Dr. Kathleen Dungan, an endocrinologist at The Ohio State University Wexner Medical Centre, said that therapy should focus on effectiveness in reaching and maintaining treatment objectives for glucose and weight management.
As a result, she said, “some GLP1-based therapies have greater potential to help patients achieve these goals than SGLT2i or DPP-4 inhibitors.” The complexity and method of administration, patient desire, other co-occurring illnesses, side effects, and cost are all person-centered aspects that may be more significant.
Dungan stated that “some limitations [of this study] prevent our ability to directly apply the findings to usual care.” These include a brief follow-up period, a lack of demographic diversity, missing or incomplete data, and nonrandom prescribing patterns, any of which could affect the study findings.
He told us, “This study provides important information on using two classes of diabetes medications, especially for people without known cardiovascular disease.”
The significance of the diabetic medication research
People with diabetes have a younger average age of onset and a twofold increased risk of heart disease. According to the Centres for Disease Control and Prevention, having diabetes increases your risk of developing heart disease.
Additionally, elevated blood pressure, “bad” cholesterol, and triglyceride levels are more prevalent among diabetics. These ailments can make you more likely to experience a cardiovascular incident.
Dr. Sanjay Bhojraj, an interventional cardiologist at Providence Mission Hospital in California, remarked, “This study is a superb example of the new convergence of therapeutics for diabetes and cardiovascular diseases.”
“In the past, the cardiology community has mainly refrained from optimizing diabetic drugs either out of worry over medication-related problems or out of fear of alienating other treating physicians. Primary prevention studies like this one are an appeal to cardiologists to finally enter the fray and treat diabetes like we treat cholesterol or deal with quitting smoking.”
According to Bhojraj, “Now we have real-world data, in a [veterans] population, suggesting a significant decrease in major adverse cardiovascular events using GLP-1 receptor antagonists in patients who have diabetes without prior [cardiovascular disease],” she said. This could help the doctor decide which class of diabetic medication to add to standard-of-care treatment regimens to reduce cardiovascular risk.
It’s interesting to note that both the GLP-1 and SGLT-2 medication classes had positive treatment outcomes in the whole group of individuals undergoing primary and secondary prevention.
The bottom line, the cardiology community needs to take action and incorporate glucose optimization into our treatment strategies, according to Bhojraj, “if we truly want to protect our patients from serious adverse cardiovascular events.”
Treating coexisting conditions common with diabetes
According to a 2019 study, nearly 75% of patients had at least one other chronic health condition when they received a type 2 diabetes diagnosis. 44% of people have two or more conditions.
Diabetes and a number of other common comorbid illnesses include:
- blood pressure is high.
- heart condition
- renal illness
- mental health conditions
- sleep problems
According to Dr. Minisha Sood, an endocrinologist at Lenox Hill Hospital in New York, “Generally speaking, a GLP1 RA is preferred over an SGLT-2 for the weight benefit in patients with diabetes and obesity – two conditions which overlap more often than not.”

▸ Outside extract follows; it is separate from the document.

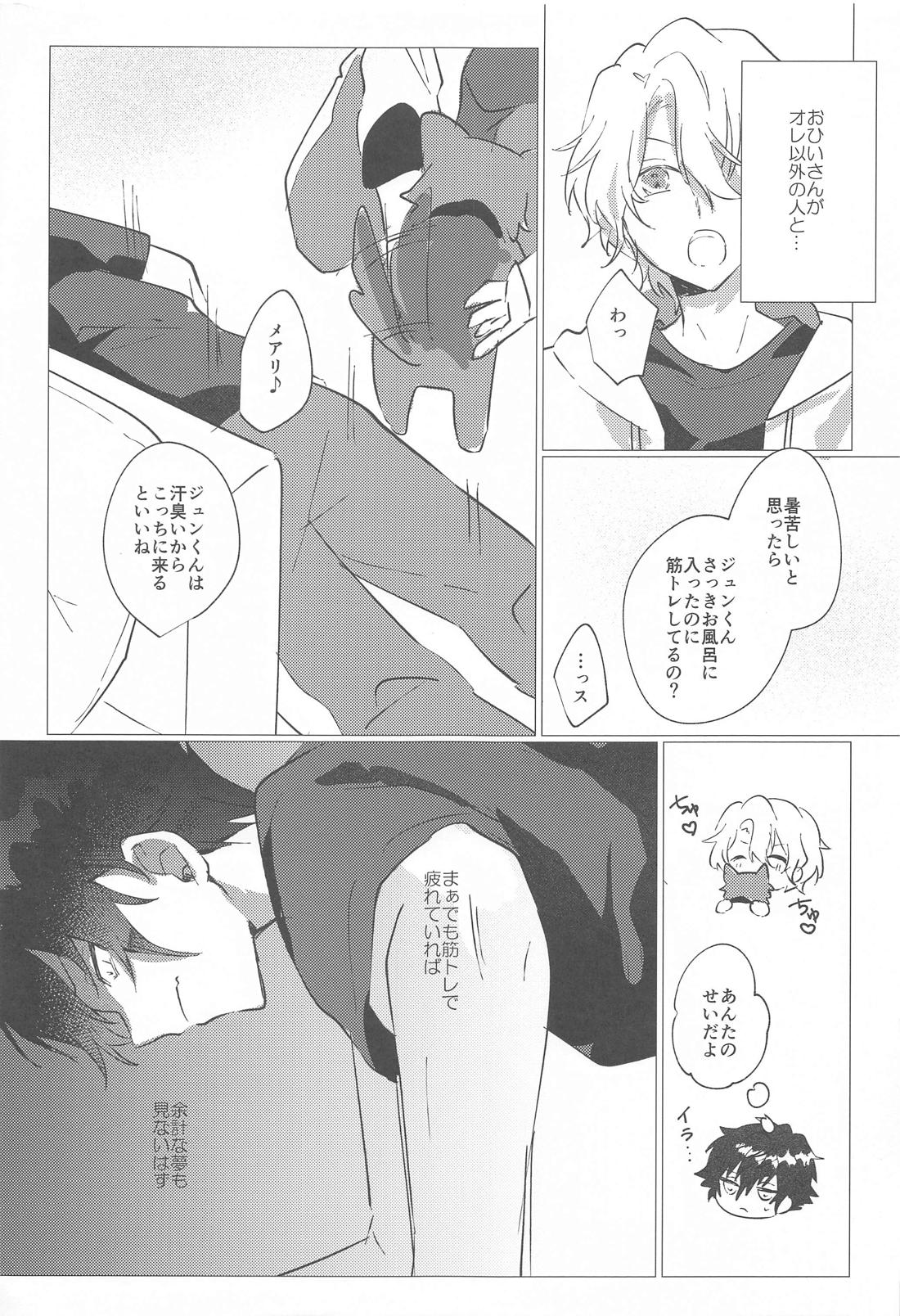 夜ぞうつつ【あんさんぶるスターズ!/漣巴】 page 16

But she added, “This study also reveals another advantage of selecting a GLP1 over an SGLT-2 in patients without cardiovascular disease.”

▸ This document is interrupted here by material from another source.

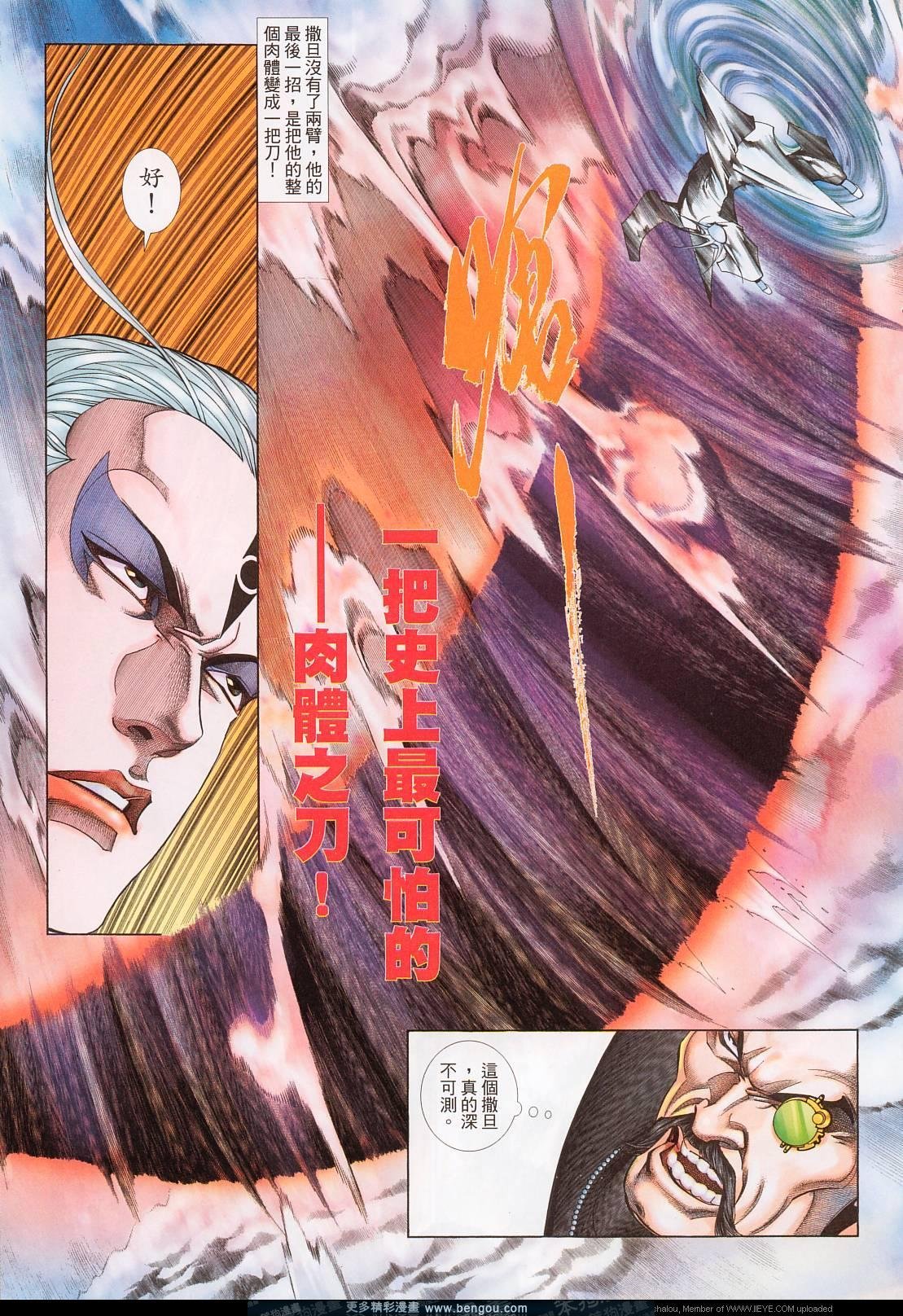 第578卷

These medications can help with other comorbid conditions as well, experts point out.
Dr. Rigved Tadwalkar, a cardiologist at Providence Saint John’s Health Centre in California, said, “This research is encouraging and supports a growing body of evidence that these medications have multiple beneficial effects.”
“GLP-1 receptor agonists are currently being used to treat obesity off-label, according to the literature. He informed us that SGLT2 inhibitors are also licensed to treat chronic renal disease and heart failure.”